Now, on the second question: Will Alan Chambers survive the St. Paul conference or will he be dislodged as Exodus’ leader by reactionary extremists within his ranks?
There are many “ex-gay” activists and reparative therapists who have a vested interest in keeping the scam alive. Some have profited handsomely by engaging in consumer fraud and promising a miracle cure that does not exist. Others have desperately held on to the lie that they have overcome homosexuality for ideological reasons. Exodus’ alleged new direction is a direct threat to these charlatans and zealots who now see Chambers as a heretic selling out their cause.
Ex-gay watch reported that up to 20-percent of Exodus ministries have recently quit or disappeared, many as a result of the shift in tone and substance. At the Exodus conference opens this week in St. Paul, will the group’s board members and local ministry affiliates stand behind Chambers? Will a number of “ex-gay” activists walk out in protest and form a competing organization comprised of extremists? Or, will dissent be quelled, with a majority of member ministries falling in line with Exodus’ possible new direction?
If Chambers is to be believed, Exodus is moving from a group that embraces Sexual Orientation Change Efforts (SOCE) to one that embraces Sexual Orientation Management Efforts (SOME). The former promises miraculous healing, while the latter essentially tells clients to embrace celibacy or marry a spouse he or she is not attracted to because that’s what God wants.

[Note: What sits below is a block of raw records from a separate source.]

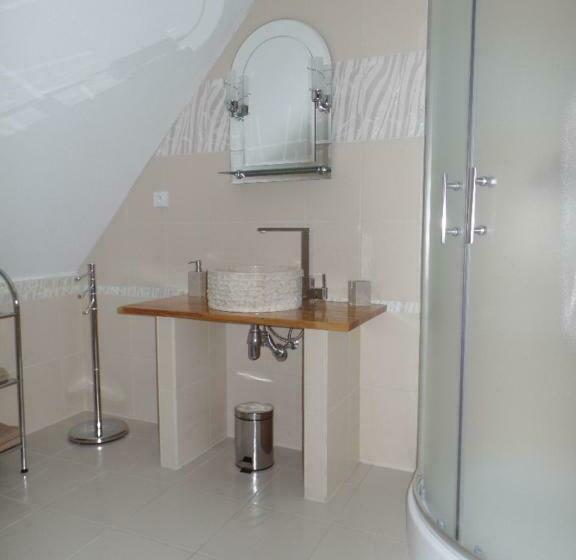 디럭스 스튜디오, Penzion U Ungerů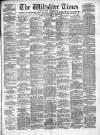 Wiltshire Times and Trowbridge Advertiser Saturday 14 September 1901 Page 1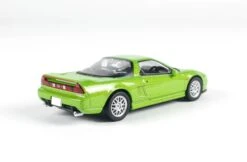 LV-N228B Honda NSX Type S Zero Yellow Green -Best Toys Shop X313045 3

The truth is, celibacy is boring and doesn’t sell. If Exodus embraces this idea and no longer holds out false hope for a miracle cure it will lose most of its future clients. Gay people refraining from sex also has little luster for the media. And an “ex-gay” group that does not engage in politics will inevitably lose funding from anti-gay foundations and right wing donors.
Is Exodus really willing to surrender clients, media, and money for the sake of honesty? I certainly hope so, but let’s not underestimate the pressure on Chambers as he allegedly tries to transition his group. It will be a tough road and incredibly difficult for him to survive in his current post if he goes down this path.
Perhaps, the next step for Exodus is addressing the many victims who were harmed over the years by their false promises, deceptive ads, and misleading claims. These individuals (the ones who did not commit suicide) will never get back the years of their life and money wasted as they chased a mirage.
“I guess I’d like to see some sort of apology from leaders of Exodus for all the people they misled,” said Jeffry Ford to the AP. Ford is a St. Paul psychologist who worked for an Exodus-linked group in the 1970s and ’80s before splitting with his wife, coming out and strongly disavowing his past work.
To fully move towards the future, Exodus will need to address those whose lives were shattered by its inauspicious past. A new leaf or new lies? The world is watching the St. Paul conference to find out.